Work instructions: Without adding or dropping anything, copy the entries below.

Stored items
● ● ● ●

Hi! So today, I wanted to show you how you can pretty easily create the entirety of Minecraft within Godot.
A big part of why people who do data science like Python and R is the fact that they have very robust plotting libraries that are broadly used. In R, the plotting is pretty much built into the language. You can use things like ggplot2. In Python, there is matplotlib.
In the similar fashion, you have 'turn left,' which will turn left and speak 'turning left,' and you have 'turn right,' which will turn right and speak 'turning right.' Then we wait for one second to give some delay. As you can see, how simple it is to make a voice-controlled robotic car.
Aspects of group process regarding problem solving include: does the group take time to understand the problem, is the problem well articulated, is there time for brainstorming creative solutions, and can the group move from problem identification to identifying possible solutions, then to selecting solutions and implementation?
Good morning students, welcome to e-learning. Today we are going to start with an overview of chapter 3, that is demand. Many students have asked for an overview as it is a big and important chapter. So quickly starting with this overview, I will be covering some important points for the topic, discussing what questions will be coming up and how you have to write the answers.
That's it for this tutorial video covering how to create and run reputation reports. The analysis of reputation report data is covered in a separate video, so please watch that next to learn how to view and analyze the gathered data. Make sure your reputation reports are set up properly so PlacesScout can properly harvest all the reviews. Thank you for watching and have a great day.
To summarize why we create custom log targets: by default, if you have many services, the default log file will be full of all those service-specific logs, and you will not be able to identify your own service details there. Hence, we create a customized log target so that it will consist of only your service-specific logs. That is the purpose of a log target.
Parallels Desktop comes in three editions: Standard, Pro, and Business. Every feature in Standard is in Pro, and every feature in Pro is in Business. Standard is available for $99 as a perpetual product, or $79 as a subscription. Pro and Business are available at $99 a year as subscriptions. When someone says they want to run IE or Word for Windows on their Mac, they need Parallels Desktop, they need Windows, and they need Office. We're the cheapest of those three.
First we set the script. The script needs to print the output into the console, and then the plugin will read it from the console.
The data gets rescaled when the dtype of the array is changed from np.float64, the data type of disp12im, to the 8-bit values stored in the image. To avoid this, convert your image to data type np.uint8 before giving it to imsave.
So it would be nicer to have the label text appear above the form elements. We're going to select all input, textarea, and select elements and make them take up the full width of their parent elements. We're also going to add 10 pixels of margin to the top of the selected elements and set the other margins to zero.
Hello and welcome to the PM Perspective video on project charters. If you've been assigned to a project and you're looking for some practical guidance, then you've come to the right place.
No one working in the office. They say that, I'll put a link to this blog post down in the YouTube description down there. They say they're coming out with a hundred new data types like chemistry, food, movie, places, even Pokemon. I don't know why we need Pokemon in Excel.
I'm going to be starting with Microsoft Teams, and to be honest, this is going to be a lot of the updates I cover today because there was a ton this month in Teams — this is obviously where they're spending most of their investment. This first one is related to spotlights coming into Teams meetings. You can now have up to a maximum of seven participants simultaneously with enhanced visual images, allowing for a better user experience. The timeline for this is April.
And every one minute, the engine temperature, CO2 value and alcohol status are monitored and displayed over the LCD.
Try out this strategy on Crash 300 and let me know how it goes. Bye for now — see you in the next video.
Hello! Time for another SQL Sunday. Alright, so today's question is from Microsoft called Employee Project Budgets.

● ● ● ●

Written solution:
Hi! So today, I wanted to show you how you can pretty easily create the entirety of Minecraft within Godot.
A big part of why people who do data science like Python and R is the fact that they have very robust plotting libraries that are broadly used. In R, the plotting is pretty much built into the language. You can use things like ggplot2. In Python, there is matplotlib.
In the similar fashion, you have 'turn left,' which will turn left and speak 'turning left,' and you have 'turn right,' which will turn right and speak 'turning right.' Then we wait for one second to give some delay. As you can see, how simple it is to make a voice-controlled robotic car.
Aspects of group process regarding problem solving include: does the group take time to understand the problem, is the problem well articulated, is there time for brainstorming creative solutions, and can the group move from problem identification to identifying possible solutions, then to selecting solutions and implementation?
Good morning students, welcome to e-learning. Today we are going to start with an overview of chapter 3, that is demand. Many students have asked for an overview as it is a big and important chapter. So quickly starting with this overview, I will be covering some important points for the topic, discussing what questions will be coming up and how you have to write the answers.
That's it for this tutorial video covering how to create and run reputation reports. The analysis of reputation report data is covered in a separate video, so please watch that next to learn how to view and analyze the gathered data. Make sure your reputation reports are set up properly so PlacesScout can properly harvest all the reviews. Thank you for watching and have a great day.
To summarize why we create custom log targets: by default, if you have many services, the default log file will be full of all those service-specific logs, and you will not be able to identify your own service details there. Hence, we create a customized log target so that it will consist of only your service-specific logs. That is the purpose of a log target.
Parallels Desktop comes in three editions: Standard, Pro, and Business. Every feature in Standard is in Pro, and every feature in Pro is in Business. Standard is available for $99 as a perpetual product, or $79 as a subscription. Pro and Business are available at $99 a year as subscriptions. When someone says they want to run IE or Word for Windows on their Mac, they need Parallels Desktop, they need Windows, and they need Office. We're the cheapest of those three.
First we set the script. The script needs to print the output into the console, and then the plugin will read it from the console.
The data gets rescaled when the dtype of the array is changed from np.float64, the data type of disp12im, to the 8-bit values stored in the image. To avoid this, convert your image to data type np.uint8 before giving it to imsave.
So it would be nicer to have the label text appear above the form elements. We're going to select all input, textarea, and select elements and make them take up the full width of their parent elements. We're also going to add 10 pixels of margin to the top of the selected elements and set the other margins to zero.
Hello and welcome to the PM Perspective video on project charters. If you've been assigned to a project and you're looking for some practical guidance, then you've come to the right place.
No one working in the office. They say that, I'll put a link to this blog post down in the YouTube description down there. They say they're coming out with a hundred new data types like chemistry, food, movie, places, even Pokemon. I don't know why we need Pokemon in Excel.
I'm going to be starting with Microsoft Teams, and to be honest, this is going to be a lot of the updates I cover today because there was a ton this month in Teams — this is obviously where they're spending most of their investment. This first one is related to spotlights coming into Teams meetings. You can now have up to a maximum of seven participants simultaneously with enhanced visual images, allowing for a better user experience. The timeline for this is April.
And every one minute, the engine temperature, CO2 value and alcohol status are monitored and displayed over the LCD.
Try out this strategy on Crash 300 and let me know how it goes. Bye for now — see you in the next video.
Hello! Time for another SQL Sunday. Alright, so today's question is from Microsoft called Employee Project Budgets.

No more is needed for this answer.